* **WHAT NEEDS TO BE DONE**: All the entries need to be quoted exactly, apart from the pictures, which you should drop.

━━━━

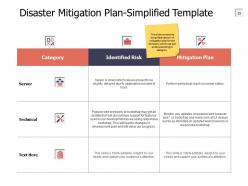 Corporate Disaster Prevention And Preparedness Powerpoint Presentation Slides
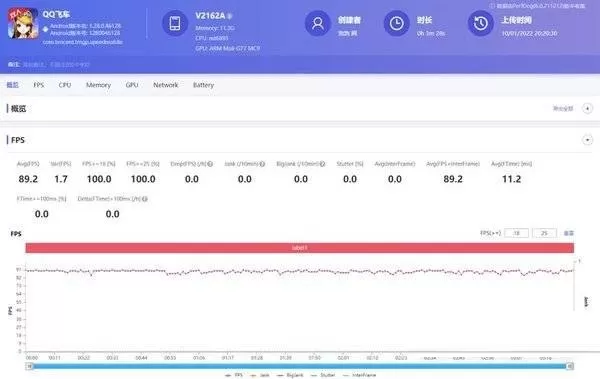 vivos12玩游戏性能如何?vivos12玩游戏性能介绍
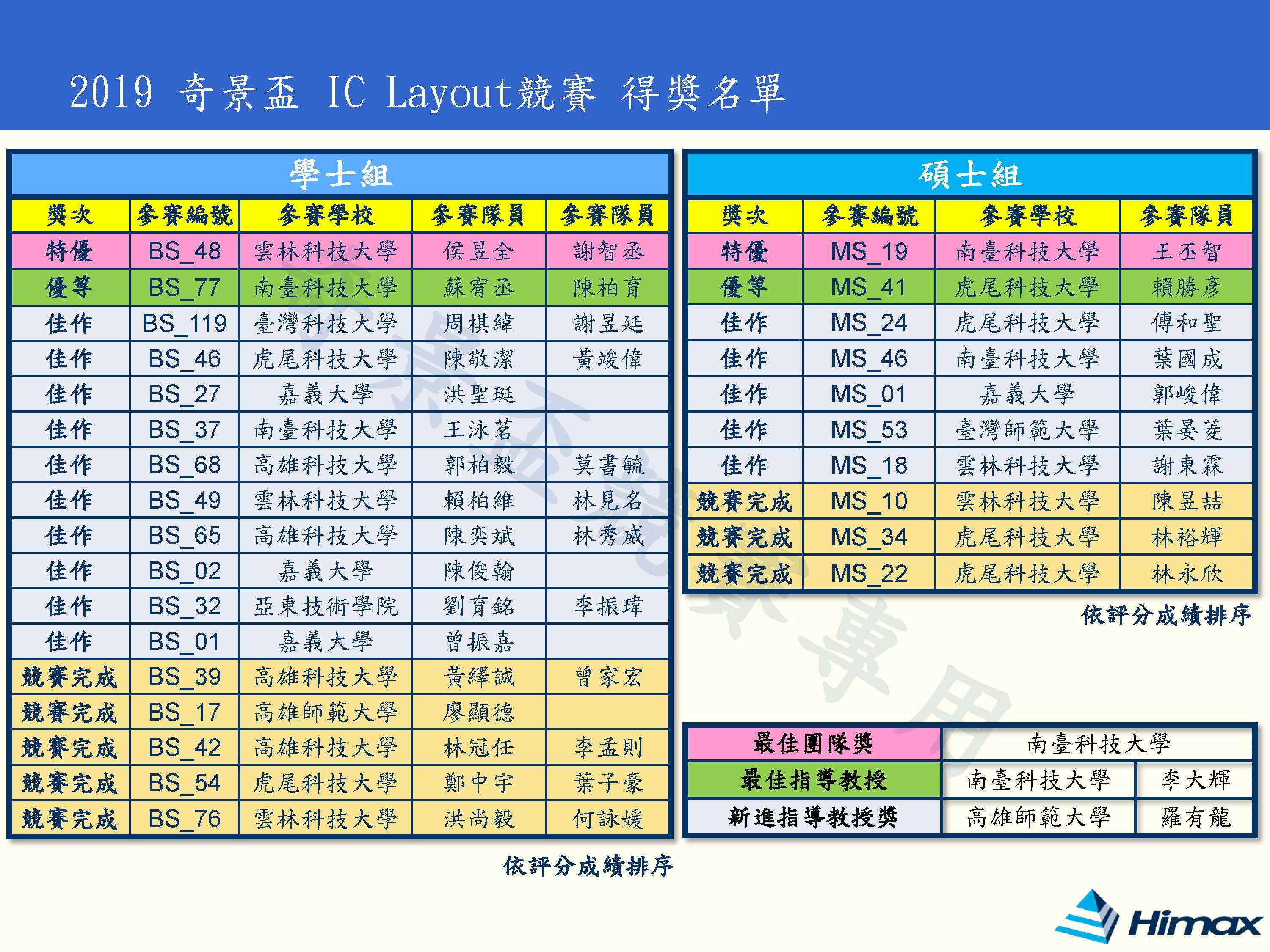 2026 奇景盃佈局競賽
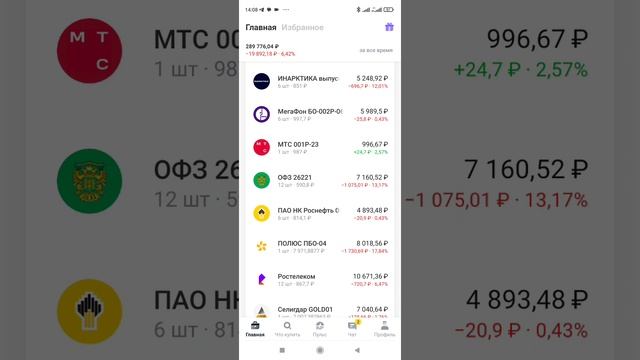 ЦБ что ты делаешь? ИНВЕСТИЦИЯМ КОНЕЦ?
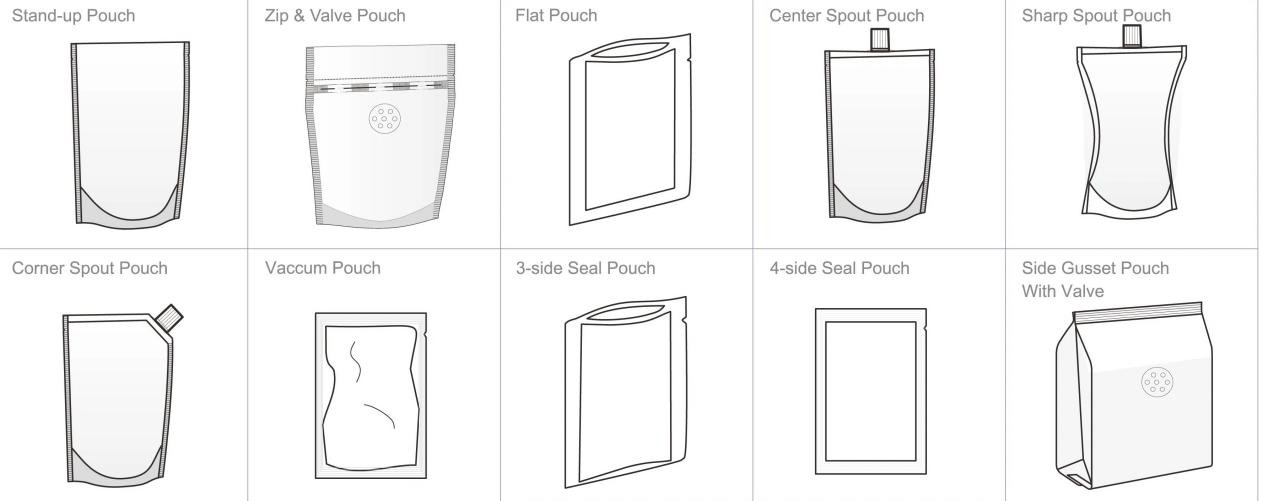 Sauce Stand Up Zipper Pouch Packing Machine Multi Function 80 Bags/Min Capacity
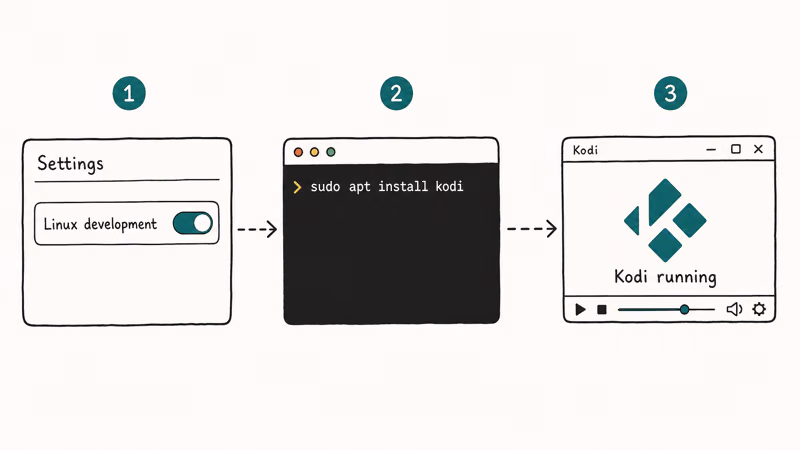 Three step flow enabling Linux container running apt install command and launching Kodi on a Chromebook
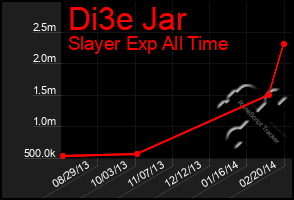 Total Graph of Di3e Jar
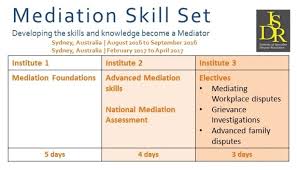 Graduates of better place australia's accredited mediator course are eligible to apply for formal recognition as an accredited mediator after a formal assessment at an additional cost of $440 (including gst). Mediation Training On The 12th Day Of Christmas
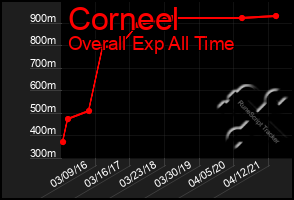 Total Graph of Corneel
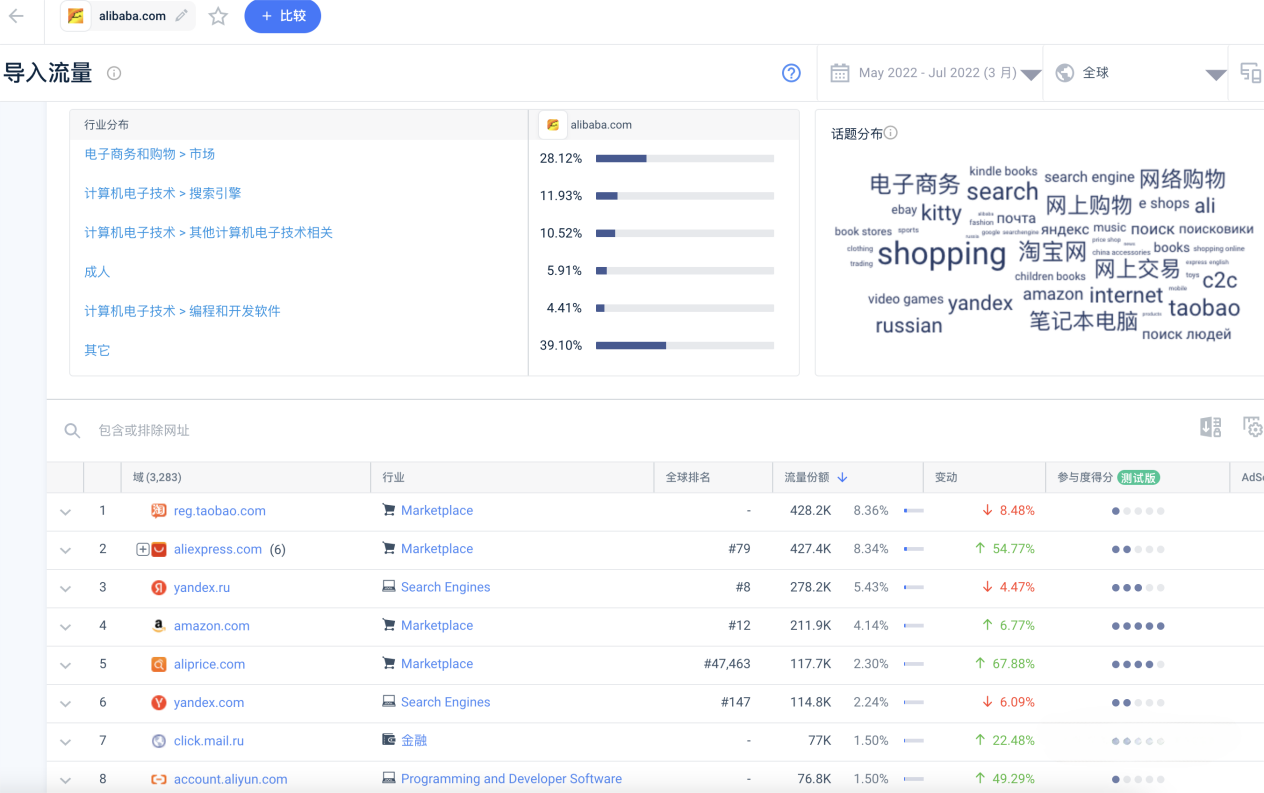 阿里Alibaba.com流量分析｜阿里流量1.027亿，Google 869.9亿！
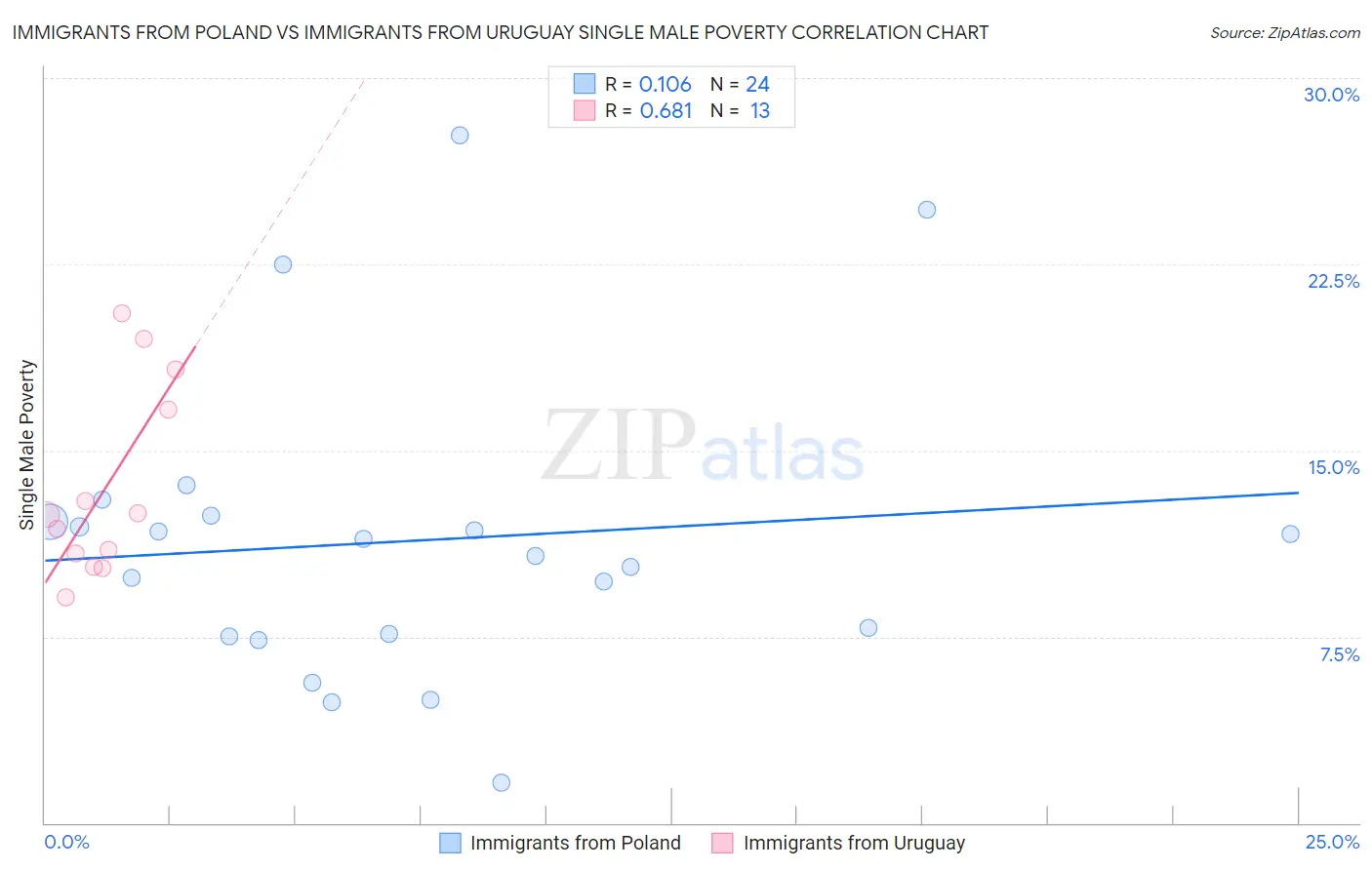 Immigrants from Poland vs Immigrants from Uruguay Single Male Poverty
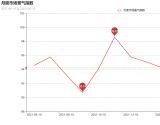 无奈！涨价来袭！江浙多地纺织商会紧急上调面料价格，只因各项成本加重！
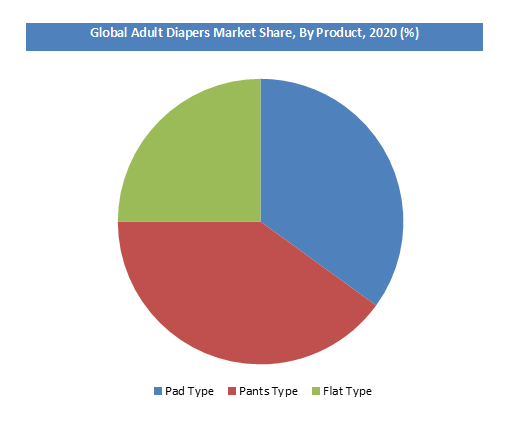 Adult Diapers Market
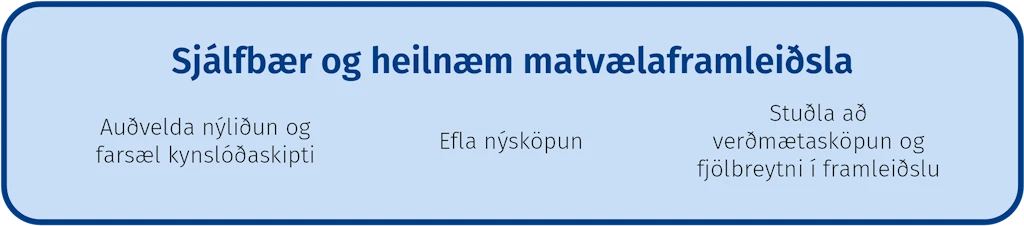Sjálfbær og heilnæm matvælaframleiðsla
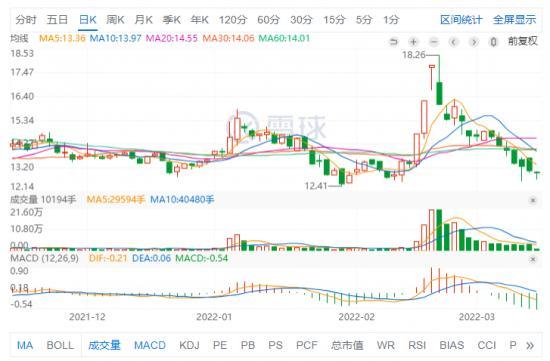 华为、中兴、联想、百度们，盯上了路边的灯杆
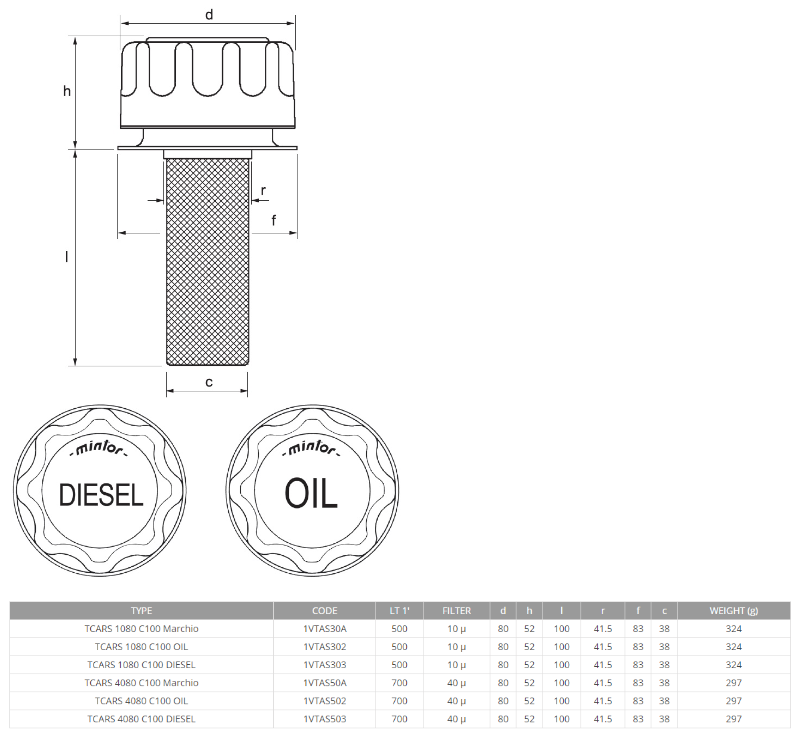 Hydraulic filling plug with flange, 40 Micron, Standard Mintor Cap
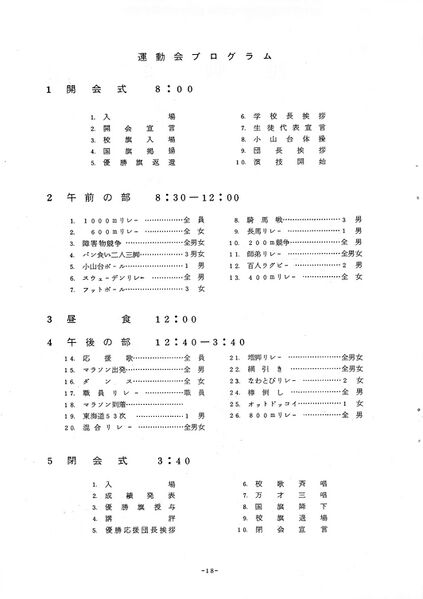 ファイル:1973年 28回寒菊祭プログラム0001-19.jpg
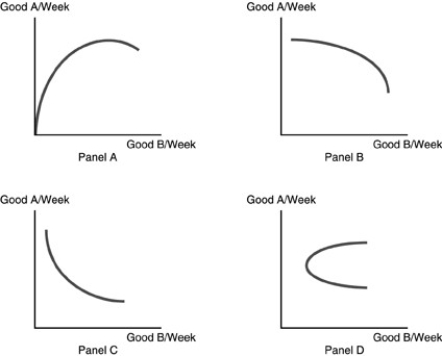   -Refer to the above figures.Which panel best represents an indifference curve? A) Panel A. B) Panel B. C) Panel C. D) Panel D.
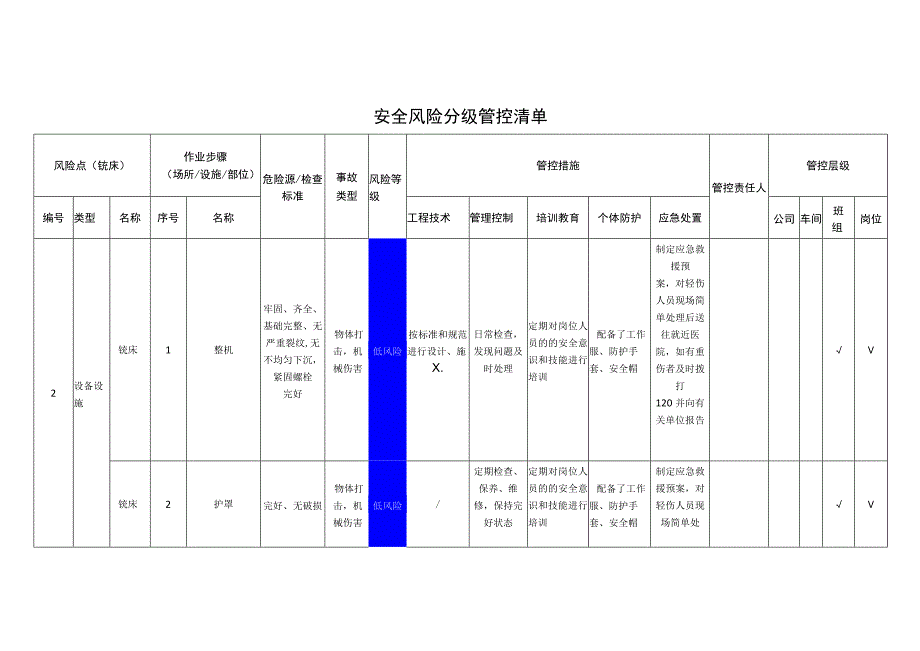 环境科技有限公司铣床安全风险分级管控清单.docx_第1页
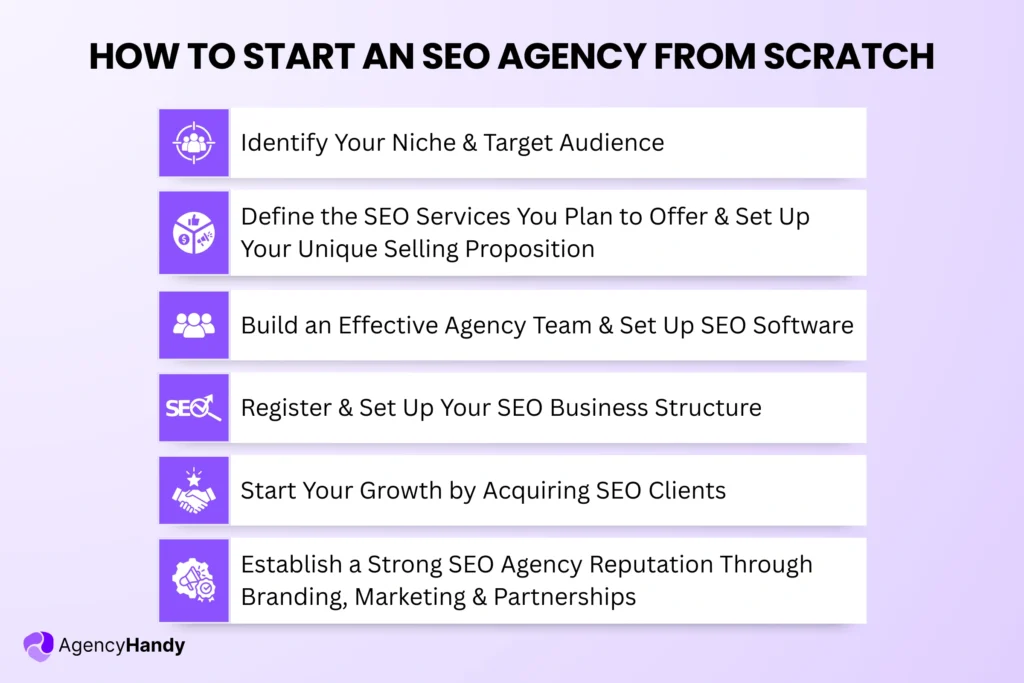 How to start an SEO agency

━━━━

* **RESPONSE TO THIS EXERCISE**:
 Corporate Disaster Prevention And Preparedness Powerpoint Presentation Slides
 vivos12玩游戏性能如何?vivos12玩游戏性能介绍
 2026 奇景盃佈局競賽
 ЦБ что ты делаешь? ИНВЕСТИЦИЯМ КОНЕЦ?
 Sauce Stand Up Zipper Pouch Packing Machine Multi Function 80 Bags/Min Capacity
 Three step flow enabling Linux container running apt install command and launching Kodi on a Chromebook
 Total Graph of Di3e Jar
 Graduates of better place australia's accredited mediator course are eligible to apply for formal recognition as an accredited mediator after a formal assessment at an additional cost of $440 (including gst). Mediation Training On The 12th Day Of Christmas
 Total Graph of Corneel
 阿里Alibaba.com流量分析｜阿里流量1.027亿，Google 869.9亿！
 Immigrants from Poland vs Immigrants from Uruguay Single Male Poverty
 无奈！涨价来袭！江浙多地纺织商会紧急上调面料价格，只因各项成本加重！
 Adult Diapers Market
Sjálfbær og heilnæm matvælaframleiðsla
 华为、中兴、联想、百度们，盯上了路边的灯杆
 Hydraulic filling plug with flange, 40 Micron, Standard Mintor Cap
 ファイル:1973年 28回寒菊祭プログラム0001-19.jpg
   -Refer to the above figures.Which panel best represents an indifference curve? A) Panel A. B) Panel B. C) Panel C. D) Panel D.
 环境科技有限公司铣床安全风险分级管控清单.docx_第1页
 How to start an SEO agency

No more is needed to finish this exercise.